Key Moments
- Brent March futures fell 1.5% to $69.66, while WTI dropped 1.6% to $64.36 by 21:43 ET (02:43 GMT).
- Meanwhile, the Trump administration eased some limits on transactions involving Venezuela’s PDVSA, allowing U.S. entities to sell and transport its oil.
- Despite Friday’s pullback, crude prices remained on track for weekly gains of 12% to 16%, driven by geopolitical tensions and weather-related supply risks.
Market Overview
Oil futures retreated in Asian trading on Friday. The move followed a decision by the Trump administration to relax certain sanctions on Venezuela’s energy sector.
As a result, the policy shift could unlock part of the country’s crude exports. Meanwhile, traders monitored the risk of U.S. military action against Iran.

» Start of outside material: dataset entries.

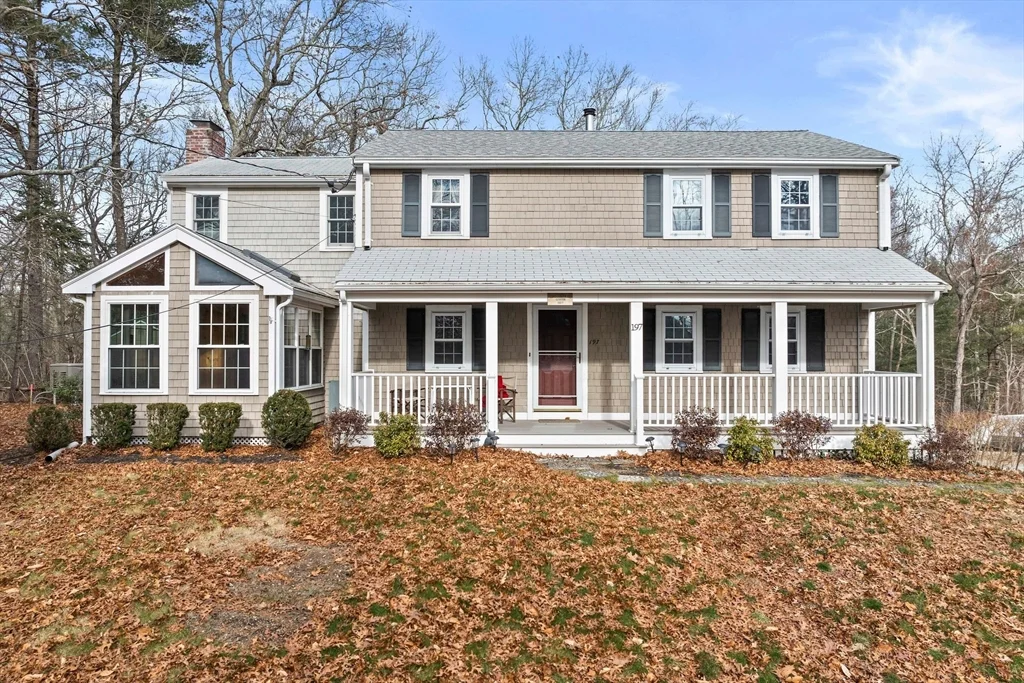 4 bed, 3 bath apartment for rent at 197 Circuit St, Hanover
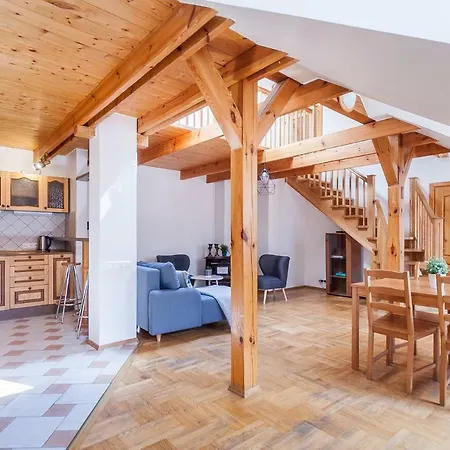 With 3 Bedrooms In Old Town By Urban Rent Butas *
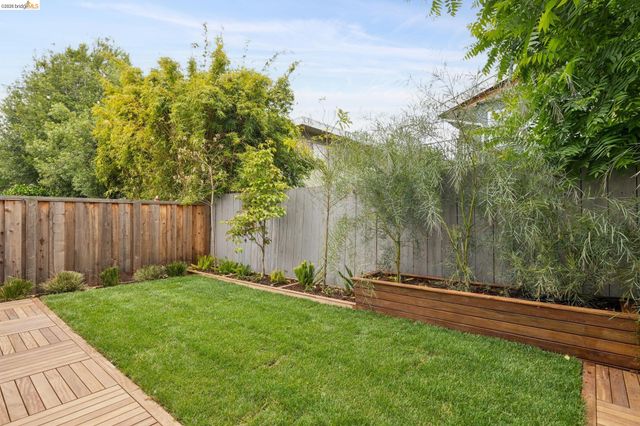 1517 Fairview St, Berkeley, CA 94703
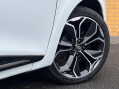 Renault Clio 0.9 TCe Iconic Euro 6 (s/s) 5dr 15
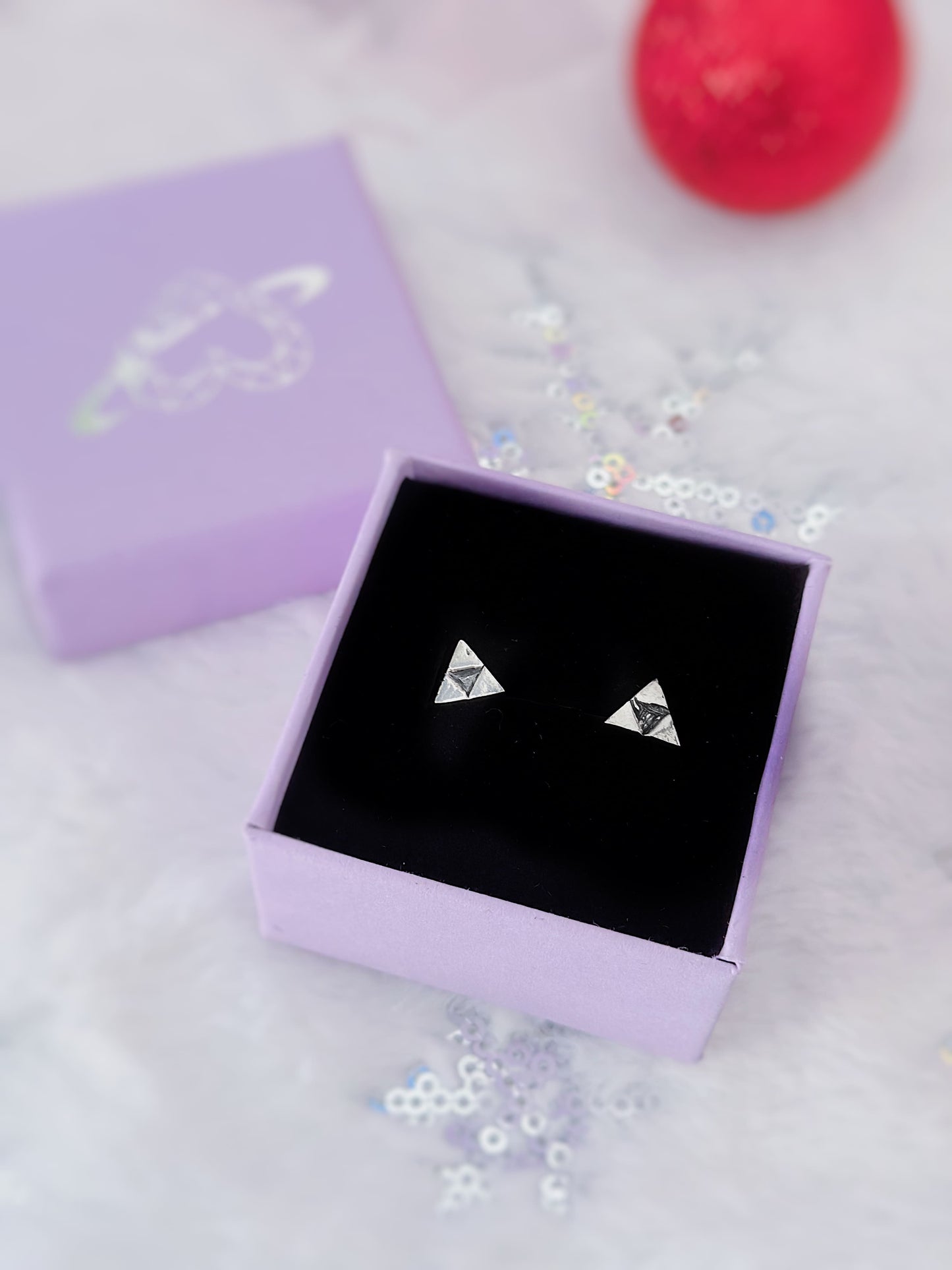 Puce Boucle d'oreille des Trois Forces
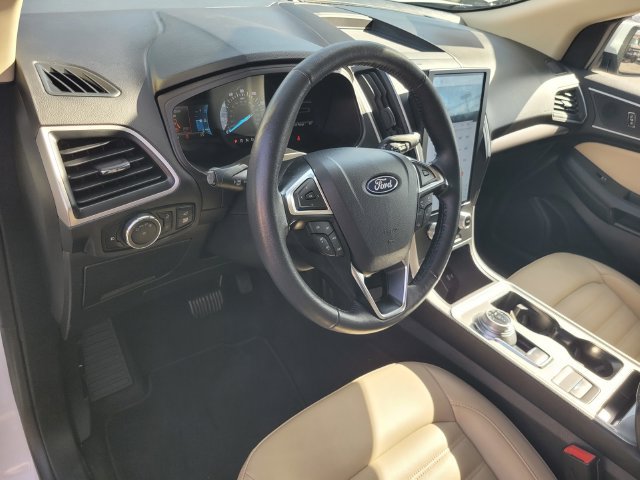 Certified 2024 Ford Edge SEL w/ Convenience Package AWD/4WD image 9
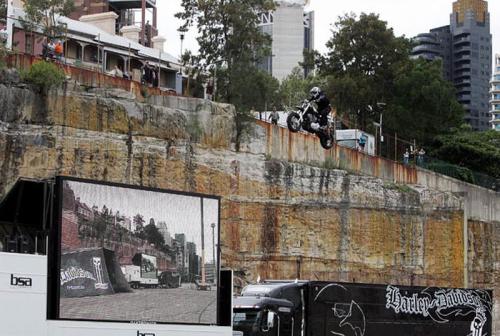 Чудеса на мотобайке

At the same time, markets positioned ahead of a weekend meeting of the Organization of the Petroleum Exporting Countries and its allies (OPEC+).
Price Action in Brent and WTI
By 21:43 ET (02:43 GMT), Brent crude for March delivery traded down 1.5% at $69.66 per barrel. Meanwhile, West Texas Intermediate (WTI) fell 1.6% to $64.36.
Even so, both benchmarks remained on track for strong weekly gains. Prices had climbed close to six-month highs earlier in the week.
Support came from rising geopolitical risks in the Middle East. In addition, a severe snowstorm in the United States raised supply concerns. A major production outage in Kazakhstan also helped support prices.
| Contract | Price | Change | Time |
|---|---|---|---|
| Brent (March) | $69.66 | -1.5% | 21:43 ET (02:43 GMT) |
| WTI | $64.36 | -1.6% | 21:43 ET (02:43 GMT) |
U.S. Loosens Venezuela Oil Sanctions
On Thursday, the Trump administration lifted some restrictions on transactions involving Petróleos de Venezuela, S.A. (PDVSA), the country’s state-owned oil company.
As a result, U.S. entities can now sell and transport Venezuelan crude. The move aims to boost confidence among American firms considering investments in the country.
However, the administration stopped short of removing sanctions on Venezuela’s oil production itself.
Earlier speculation suggested output could rise quickly once sanctions eased. However, analysts expect any increase to be gradual.
They point to damaged infrastructure and political uncertainty following Washington’s takeover of the sector and the removal of President Nicolas Maduro.
OPEC+ Meeting in Focus
Meanwhile, attention has turned to the OPEC+ meeting scheduled for Sunday. Reports suggest the group will keep its output policy unchanged.
Previously, OPEC+ raised production by about 2.9 million barrels per day through 2025. That decision weighed heavily on crude prices.
As demand concerns grew, the alliance paused its monthly output increases in January. For now, it remains cautious about adding more supply.
In a market report released earlier this month, OPEC+ said oil demand should strengthen in 2026 and 2027. The group also downplayed fears of a lasting supply glut.